The latest rhetorical broadside on the part of Venezuela's Chávez is not entirely unexpected, and it very much constitutes one of his signature anti-U.S. public commentaries with a characteristic populist twist. There is, however, reason to believe that the threat to cut off oil supplies to the United States is little more than emotional venting, rather than a rational economic calculation. Chávez has often resorted to such posturing in the past, in his efforts to fight against what he outwardly labels the U.S. “empire”. The reality for PDVSA, and the country more generally, is that despite oil prices being so high, cash is sparse, with this being down to the fact that much of PDVSA's income is syphoned off by the government to pay for its expensive social and infrastructure projects. This has left PDVSA with little to be reinvested for maintenance, let alone for much-needed new oil investments. Venezuela has been trying to boost production for a number of years, but has consistently overestimated its ability to do so. It is for this reason that ExxonMobil's success in securing this court order has so riled Chavez, with the freeze further impeding PDVSA's already limited freedom to move.

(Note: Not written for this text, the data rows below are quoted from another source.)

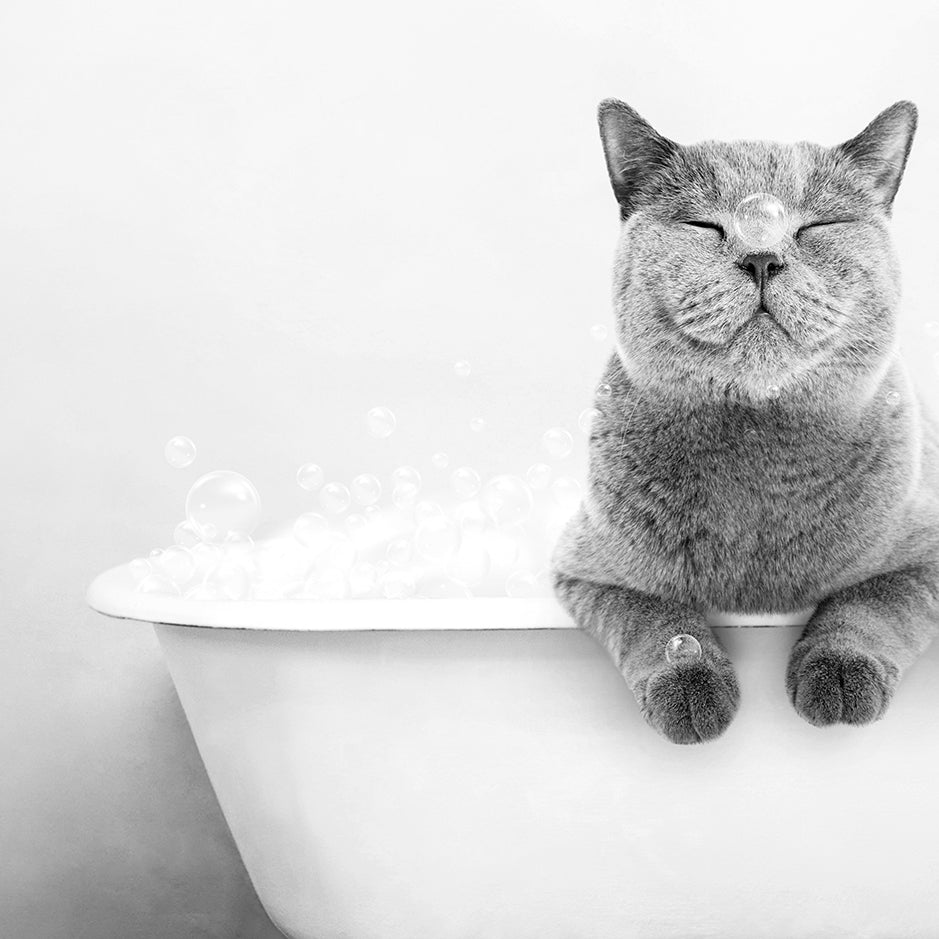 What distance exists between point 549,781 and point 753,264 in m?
0.54

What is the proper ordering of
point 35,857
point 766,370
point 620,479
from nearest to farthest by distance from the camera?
point 766,370, point 620,479, point 35,857

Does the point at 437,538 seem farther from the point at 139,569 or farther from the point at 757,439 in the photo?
the point at 757,439

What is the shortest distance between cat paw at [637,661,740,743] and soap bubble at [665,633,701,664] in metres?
0.01

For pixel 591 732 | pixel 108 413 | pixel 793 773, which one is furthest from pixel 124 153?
pixel 793 773

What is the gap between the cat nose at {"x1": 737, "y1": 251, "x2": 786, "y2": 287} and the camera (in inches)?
35.2

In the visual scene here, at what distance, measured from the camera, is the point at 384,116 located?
1901 mm

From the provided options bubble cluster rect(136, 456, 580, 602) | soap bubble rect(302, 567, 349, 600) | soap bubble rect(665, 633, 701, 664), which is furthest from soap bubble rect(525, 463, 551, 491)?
soap bubble rect(665, 633, 701, 664)

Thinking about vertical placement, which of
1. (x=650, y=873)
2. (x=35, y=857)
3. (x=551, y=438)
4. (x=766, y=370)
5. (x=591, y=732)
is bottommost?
(x=35, y=857)

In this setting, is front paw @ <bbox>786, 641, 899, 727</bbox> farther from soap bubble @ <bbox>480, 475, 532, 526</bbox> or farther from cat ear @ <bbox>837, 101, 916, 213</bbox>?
soap bubble @ <bbox>480, 475, 532, 526</bbox>

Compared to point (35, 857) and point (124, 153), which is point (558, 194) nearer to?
point (124, 153)

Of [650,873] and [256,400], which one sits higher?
[256,400]

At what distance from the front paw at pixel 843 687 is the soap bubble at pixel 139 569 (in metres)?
0.75

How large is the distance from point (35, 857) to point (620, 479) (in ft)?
4.27

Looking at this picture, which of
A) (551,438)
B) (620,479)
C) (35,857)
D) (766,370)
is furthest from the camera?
(35,857) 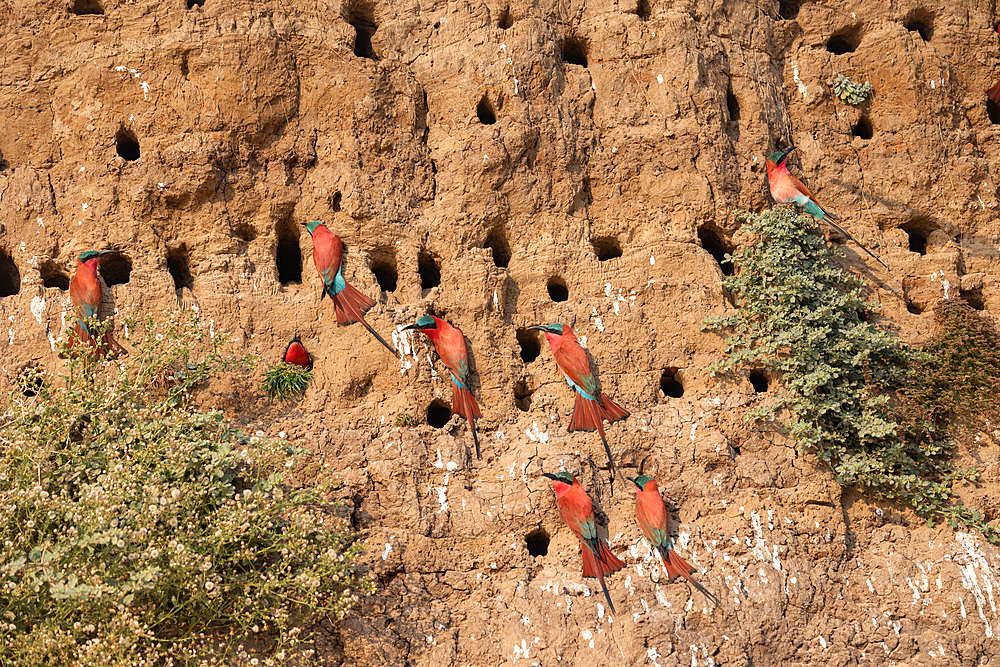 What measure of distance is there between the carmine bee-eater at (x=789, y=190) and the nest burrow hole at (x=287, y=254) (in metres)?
3.85

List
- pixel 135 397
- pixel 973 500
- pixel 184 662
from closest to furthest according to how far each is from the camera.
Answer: pixel 184 662
pixel 135 397
pixel 973 500

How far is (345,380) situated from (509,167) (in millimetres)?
2204

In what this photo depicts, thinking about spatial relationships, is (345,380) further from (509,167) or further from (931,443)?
(931,443)

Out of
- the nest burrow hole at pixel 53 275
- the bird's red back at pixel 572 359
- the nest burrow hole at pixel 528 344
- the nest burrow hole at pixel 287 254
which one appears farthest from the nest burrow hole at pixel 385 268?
the nest burrow hole at pixel 53 275

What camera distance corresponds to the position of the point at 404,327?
7164 mm

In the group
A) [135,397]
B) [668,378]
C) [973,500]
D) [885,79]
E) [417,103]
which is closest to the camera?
[135,397]

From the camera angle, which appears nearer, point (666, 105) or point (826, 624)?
point (826, 624)

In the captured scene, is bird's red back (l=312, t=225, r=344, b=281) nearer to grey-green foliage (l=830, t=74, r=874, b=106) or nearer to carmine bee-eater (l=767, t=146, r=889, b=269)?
carmine bee-eater (l=767, t=146, r=889, b=269)

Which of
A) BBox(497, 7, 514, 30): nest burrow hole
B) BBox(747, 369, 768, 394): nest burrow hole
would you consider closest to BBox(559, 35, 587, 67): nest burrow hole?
BBox(497, 7, 514, 30): nest burrow hole

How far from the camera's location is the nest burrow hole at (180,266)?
7395 mm

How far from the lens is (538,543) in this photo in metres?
6.74

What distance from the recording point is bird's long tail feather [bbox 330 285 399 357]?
7.12m

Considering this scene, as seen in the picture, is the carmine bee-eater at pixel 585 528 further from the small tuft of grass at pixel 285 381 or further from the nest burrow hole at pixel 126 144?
the nest burrow hole at pixel 126 144

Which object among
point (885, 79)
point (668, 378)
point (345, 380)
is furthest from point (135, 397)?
point (885, 79) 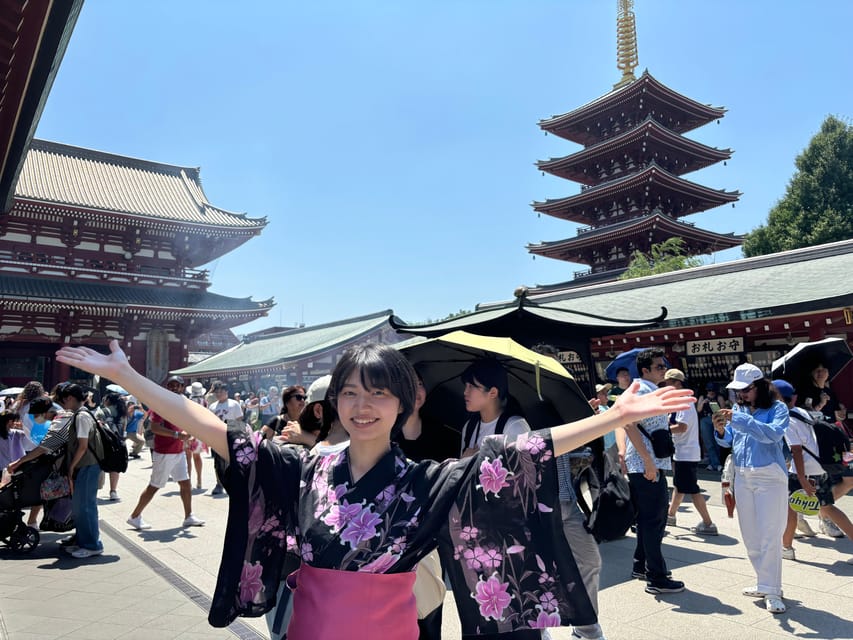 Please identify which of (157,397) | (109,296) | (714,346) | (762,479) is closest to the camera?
(157,397)

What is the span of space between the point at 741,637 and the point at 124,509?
704 centimetres

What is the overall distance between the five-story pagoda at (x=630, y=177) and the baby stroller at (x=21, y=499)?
21075 millimetres

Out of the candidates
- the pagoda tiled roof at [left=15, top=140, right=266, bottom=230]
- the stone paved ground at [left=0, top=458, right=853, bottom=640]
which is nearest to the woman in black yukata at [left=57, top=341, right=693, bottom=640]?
the stone paved ground at [left=0, top=458, right=853, bottom=640]

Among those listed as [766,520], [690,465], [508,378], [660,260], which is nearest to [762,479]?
[766,520]

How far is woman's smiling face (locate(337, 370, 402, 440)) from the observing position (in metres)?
1.68

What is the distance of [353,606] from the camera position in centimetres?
151

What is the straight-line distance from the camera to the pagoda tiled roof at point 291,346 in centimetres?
1864

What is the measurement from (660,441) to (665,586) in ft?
3.17

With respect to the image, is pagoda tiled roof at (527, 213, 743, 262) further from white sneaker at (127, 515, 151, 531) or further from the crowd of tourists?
the crowd of tourists

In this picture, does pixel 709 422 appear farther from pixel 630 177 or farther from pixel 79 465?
pixel 630 177

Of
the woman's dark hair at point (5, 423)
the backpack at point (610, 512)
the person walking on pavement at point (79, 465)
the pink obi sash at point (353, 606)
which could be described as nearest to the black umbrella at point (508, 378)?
the backpack at point (610, 512)

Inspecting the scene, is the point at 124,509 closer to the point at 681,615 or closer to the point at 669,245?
the point at 681,615

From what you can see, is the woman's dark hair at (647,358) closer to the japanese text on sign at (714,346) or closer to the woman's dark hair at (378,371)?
the woman's dark hair at (378,371)

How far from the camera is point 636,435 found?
381cm
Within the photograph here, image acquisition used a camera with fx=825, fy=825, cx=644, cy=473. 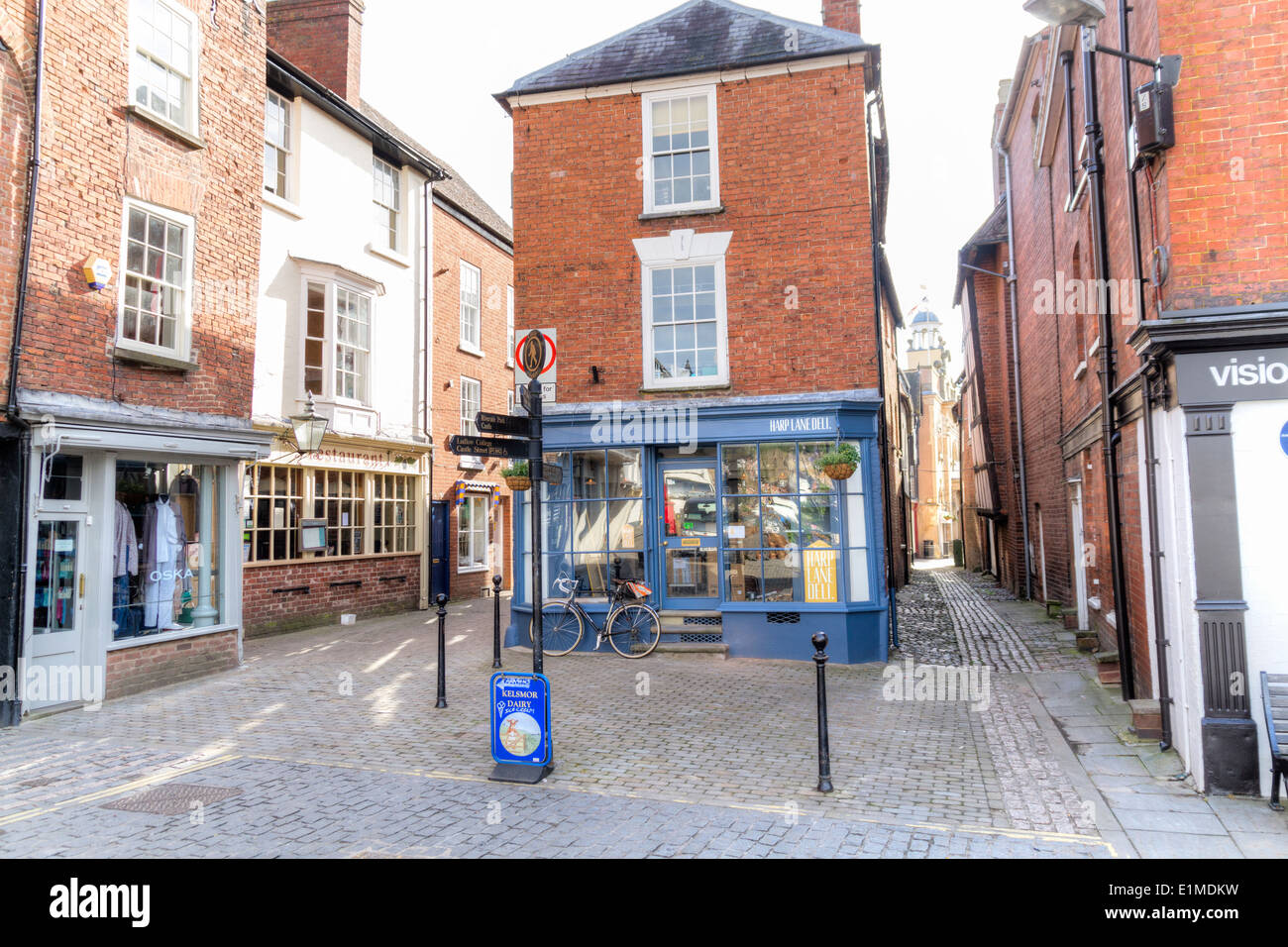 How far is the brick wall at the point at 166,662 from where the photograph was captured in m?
9.66

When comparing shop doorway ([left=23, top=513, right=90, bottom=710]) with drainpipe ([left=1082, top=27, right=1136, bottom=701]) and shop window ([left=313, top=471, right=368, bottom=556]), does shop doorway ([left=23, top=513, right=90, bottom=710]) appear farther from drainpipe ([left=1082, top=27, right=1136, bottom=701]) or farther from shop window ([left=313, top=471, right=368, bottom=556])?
drainpipe ([left=1082, top=27, right=1136, bottom=701])

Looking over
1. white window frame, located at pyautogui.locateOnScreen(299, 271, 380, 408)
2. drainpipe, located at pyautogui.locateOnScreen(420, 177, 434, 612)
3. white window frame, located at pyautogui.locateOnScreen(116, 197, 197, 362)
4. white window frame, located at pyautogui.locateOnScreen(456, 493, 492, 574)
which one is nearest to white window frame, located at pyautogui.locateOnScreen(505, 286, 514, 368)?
white window frame, located at pyautogui.locateOnScreen(456, 493, 492, 574)

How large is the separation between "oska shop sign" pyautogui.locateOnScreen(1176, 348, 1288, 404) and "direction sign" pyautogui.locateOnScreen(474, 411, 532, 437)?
5071mm

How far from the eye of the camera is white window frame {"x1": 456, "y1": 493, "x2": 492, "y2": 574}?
66.9 feet

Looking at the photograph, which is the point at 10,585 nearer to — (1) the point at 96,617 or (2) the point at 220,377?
(1) the point at 96,617

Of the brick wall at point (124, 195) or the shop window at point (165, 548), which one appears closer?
the brick wall at point (124, 195)

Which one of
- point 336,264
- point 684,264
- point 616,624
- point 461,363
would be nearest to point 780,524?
point 616,624

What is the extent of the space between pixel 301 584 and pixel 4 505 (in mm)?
7179

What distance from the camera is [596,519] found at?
41.8ft

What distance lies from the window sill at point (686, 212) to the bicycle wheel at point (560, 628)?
20.0 ft

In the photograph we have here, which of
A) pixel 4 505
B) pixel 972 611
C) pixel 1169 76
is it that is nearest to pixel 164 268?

The U.K. court ruling will be subject to a further hearing, currently scheduled for 22 February, so the asset freeze may yet be suspended. Assuming it is not, it is possible that further down the road, PDVSA and ExxonMobil will be able to reach some sort of agreement on just compensation, potentially setting the stage for other companies attempting to seek the same. Until then, we should expect Chávez's rhetoric to remain highly flammable, to the detriment of Venezuela and its people.